Transcribe all data verbatim. Skip the pictures.

* [Supplied material]
◇ ◇ ◇ ◇ ◇

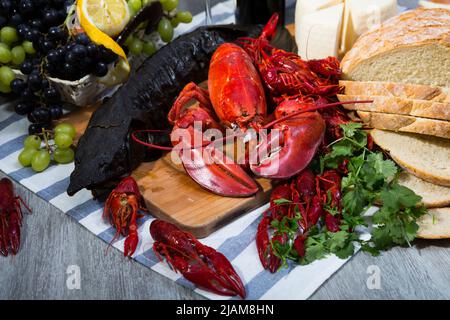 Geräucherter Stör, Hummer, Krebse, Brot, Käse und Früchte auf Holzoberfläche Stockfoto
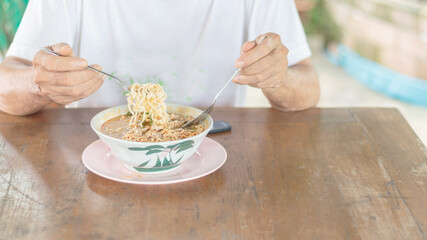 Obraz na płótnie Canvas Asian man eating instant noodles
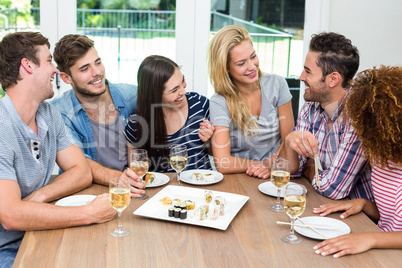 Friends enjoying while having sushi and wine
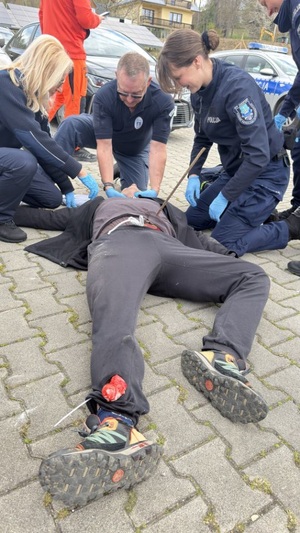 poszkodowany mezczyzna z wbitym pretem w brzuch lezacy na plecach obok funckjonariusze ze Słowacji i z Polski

◇ ◇ ◇ ◇ ◇

* [Written reply]
 Geräucherter Stör, Hummer, Krebse, Brot, Käse und Früchte auf Holzoberfläche Stockfoto
 Obraz na płótnie Canvas Asian man eating instant noodles
 Friends enjoying while having sushi and wine
 poszkodowany mezczyzna z wbitym pretem w brzuch lezacy na plecach obok funckjonariusze ze Słowacji i z Polski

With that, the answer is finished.